Oh no, sorry to hear about your WBC count.  i hope you are feeling much better now.

Take care,

Laureen

Cyborg,

 Thanks for the hugs. I have been looking at the stage IV group. There are a couple of people 24 year survivor of stage IV mat. It is making me see hope. I was really sad eariler. But am looking at good things.

But just so you all know even if this is bad, and my chemo get moved out to June, I will still stop by here.

I really like my surgern and oncologist. But that being said. CHANGE!! Both my surg. and onc said that I have to be healed externally before chemo. They said that I could start chemo 3-4 days after the biop.  

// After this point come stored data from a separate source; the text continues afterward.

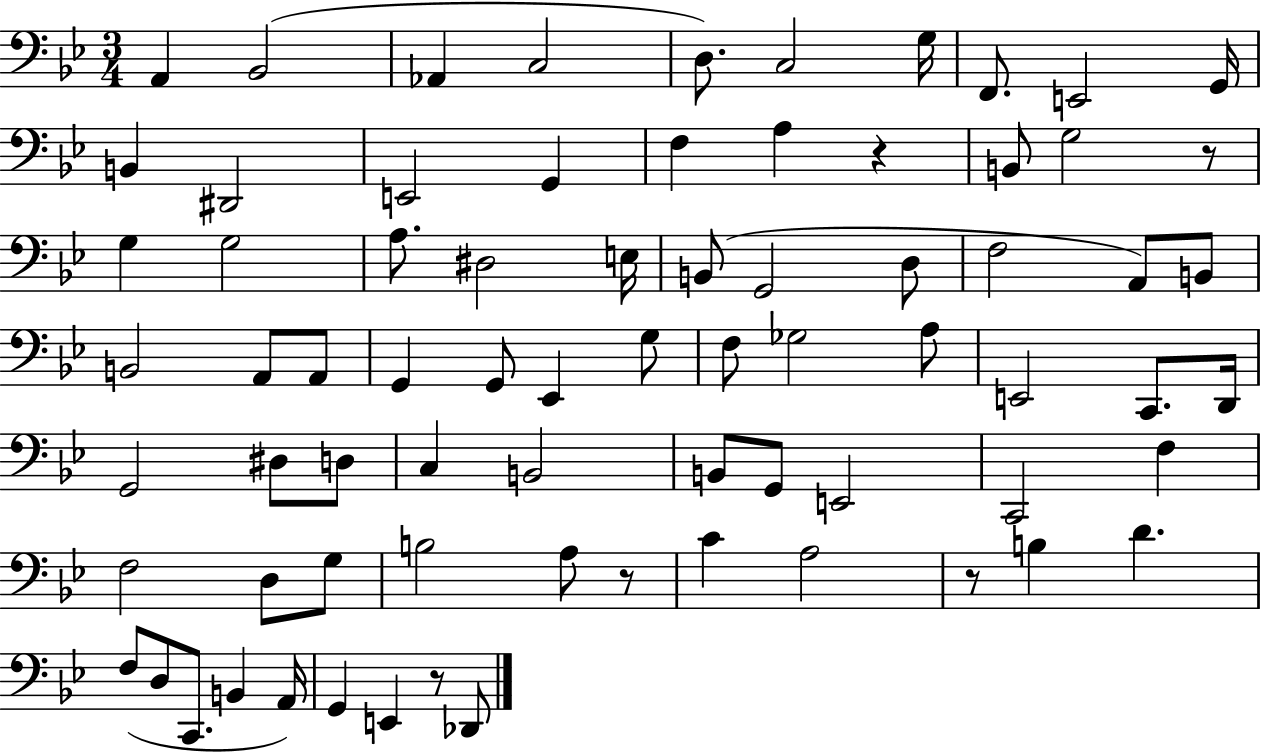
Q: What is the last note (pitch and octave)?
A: Db2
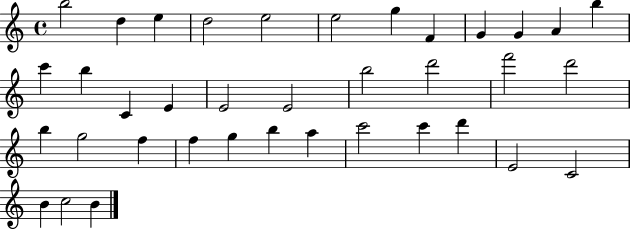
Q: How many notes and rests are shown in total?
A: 37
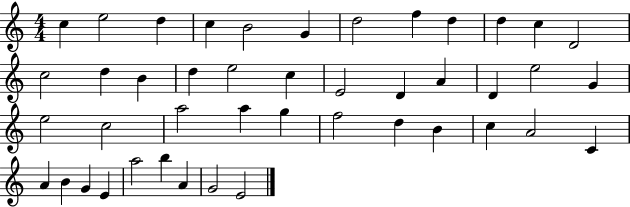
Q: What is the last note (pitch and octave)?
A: E4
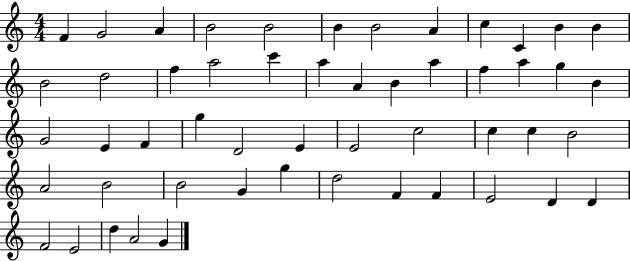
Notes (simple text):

F4/q G4/h A4/q B4/h B4/h B4/q B4/h A4/q C5/q C4/q B4/q B4/q B4/h D5/h F5/q A5/h C6/q A5/q A4/q B4/q A5/q F5/q A5/q G5/q B4/q G4/h E4/q F4/q G5/q D4/h E4/q E4/h C5/h C5/q C5/q B4/h A4/h B4/h B4/h G4/q G5/q D5/h F4/q F4/q E4/h D4/q D4/q F4/h E4/h D5/q A4/h G4/q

However they have not scheduled me for a MUGO scan. and you know they seem to schedule me for alot of scans.

I do think you should change, you need to feel comfortable with your doctor. I dont think you are.

38 yr old - We're already going to change.  In fact new onco is having home health come out today to do the wound vac, once that gets taken care of I think I'll feel much better.  Nerves are completely shot.  Now I have to call other Onco and cancel appt.  I feel terrible, I'm so bad at that stuff.

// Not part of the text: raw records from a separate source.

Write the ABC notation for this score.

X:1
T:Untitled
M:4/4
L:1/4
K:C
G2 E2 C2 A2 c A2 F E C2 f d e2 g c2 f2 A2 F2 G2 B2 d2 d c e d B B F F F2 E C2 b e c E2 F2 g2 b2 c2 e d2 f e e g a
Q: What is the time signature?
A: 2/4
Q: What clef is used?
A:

bkj66- funny you say the doc kept getting your stats mixed up.  Our concern started, well, my hubby's started when I told him they called to say they would start on Wed and I have the open would, he did not voice this worry to me only to his co-workers who are aware of what's going on. What I found uncomfortable was when this past wednesday the nurse who would be administering the chemo called to let me know that even though my appt was for 8:30am she would be there by 8:00 if I wanted to come early.  I hadn't even seen my onco for the details yet and was utterly confused as to what she was talking about.  Then while on the phone with her she says "Oh, Dr just waved his hand to get my attention wants to tell you to be sure to take the steriods beforehand", my response, "what steriods, we haven't talked about anything yet"  Now I'm getting myself really angry.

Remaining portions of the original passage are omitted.